In Makers’ curriculum, something I’ve been particularly appreciating is the way that — wherever possible — the goal of learning has been backgrounded, and some other goal foregrounded (which matches up with Tip 8 from this review of studies on teaching programming). For example, after covering the basics of Bash and git, practice was instantiated as solving a murder mystery. The reason I like gamifying learning, or otherwise imbuing it with near-term goals, is that you can leave the mode of Trying To Study, which depends on constant application of willpower, and focus on something near-term so that progress on the overarching goal is implicit, unconscious, invisible and default. Nate Soares talks about this in this post which I highly recommend. One core analogy compares two strategies for getting fit: running up and down a field (you might slow down or give up) vs playing football (easy to keep going).

Taking the gamification of learning to its logical conclusion, I’ve started my coding journey just in time to leap aboard the Advent of Code train.

I’ve only just noticed what the acronym spells.

On one level it’s a series of 50 twice-daily coding challenges for a variety of skill levels. On another, it’s a Christmas-themed time-travel narrative with, so far, well-written flavour text, embedded in a community of puzzler-learners who are happy to help each other out.

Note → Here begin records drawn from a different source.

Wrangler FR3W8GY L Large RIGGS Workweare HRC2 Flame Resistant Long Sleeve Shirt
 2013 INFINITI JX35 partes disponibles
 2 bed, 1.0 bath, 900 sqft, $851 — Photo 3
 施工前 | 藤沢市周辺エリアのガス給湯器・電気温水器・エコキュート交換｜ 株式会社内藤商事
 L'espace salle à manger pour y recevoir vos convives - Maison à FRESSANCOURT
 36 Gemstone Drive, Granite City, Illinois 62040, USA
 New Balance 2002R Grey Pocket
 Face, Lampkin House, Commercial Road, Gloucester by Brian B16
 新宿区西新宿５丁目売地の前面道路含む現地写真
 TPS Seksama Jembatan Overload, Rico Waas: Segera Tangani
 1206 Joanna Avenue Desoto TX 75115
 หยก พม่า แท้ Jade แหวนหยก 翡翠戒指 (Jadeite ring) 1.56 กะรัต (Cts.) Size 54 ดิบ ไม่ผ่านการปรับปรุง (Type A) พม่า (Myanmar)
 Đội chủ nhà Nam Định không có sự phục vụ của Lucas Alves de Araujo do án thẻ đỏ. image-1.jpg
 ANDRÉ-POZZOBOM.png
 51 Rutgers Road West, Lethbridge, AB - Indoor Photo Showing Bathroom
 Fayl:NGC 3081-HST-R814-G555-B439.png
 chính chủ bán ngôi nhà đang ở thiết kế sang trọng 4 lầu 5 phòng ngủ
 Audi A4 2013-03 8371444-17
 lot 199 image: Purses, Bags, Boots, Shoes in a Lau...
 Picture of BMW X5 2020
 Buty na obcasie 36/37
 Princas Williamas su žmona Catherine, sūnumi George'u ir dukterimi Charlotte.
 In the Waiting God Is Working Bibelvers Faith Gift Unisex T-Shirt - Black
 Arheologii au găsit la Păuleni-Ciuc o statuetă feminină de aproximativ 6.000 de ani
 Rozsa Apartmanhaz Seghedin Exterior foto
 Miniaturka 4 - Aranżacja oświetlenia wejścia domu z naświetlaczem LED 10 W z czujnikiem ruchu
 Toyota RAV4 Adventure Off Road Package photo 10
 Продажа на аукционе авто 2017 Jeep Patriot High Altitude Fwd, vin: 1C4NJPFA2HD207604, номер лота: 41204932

A very motivating design, and much more satisfying to work through than your traditional chocolate advent calendar (incidentally something else I finished in week 1, thanks Mum.)

inguistics I promised you, and linguistics shall you have. During this harrowing crisis of identity slash magical journey of self-discovery, I’ve wondered if there are any strands which tie together the artistic me who does music and the analytical me who enjoys making things with code. Some people reckon musical talent correlates with coding skill, but, while I agree that the Two Cultures have more in common than that which divides them, the explanatory analogies I’ve seen feel quite forced.

For me, the much stronger analogy is to the things that fascinated me in my linguistics undergrad. Several abstract concepts transfer so readily that programmers and linguists are using the very same vocabulary to refer to the very same things.

All humans, apart from aphasics, feral children, and the 45th President of the United States*, are natural geniuses at syntax. For all the archetypally human aspects of language use — its contextuality, winking subtexts, and emotional power — there are many elements of language that operate according to rules that can (in theory) be precisely specified. Such a system of rules, making the difference between French and Dyirbal (or between two dialects of the same language), is what linguists mean by ‘the grammar’.

*Actually, I was lying. Trump is like most humans in having more facility in the grammar of his native language than any currently existing Natural Language Processing program.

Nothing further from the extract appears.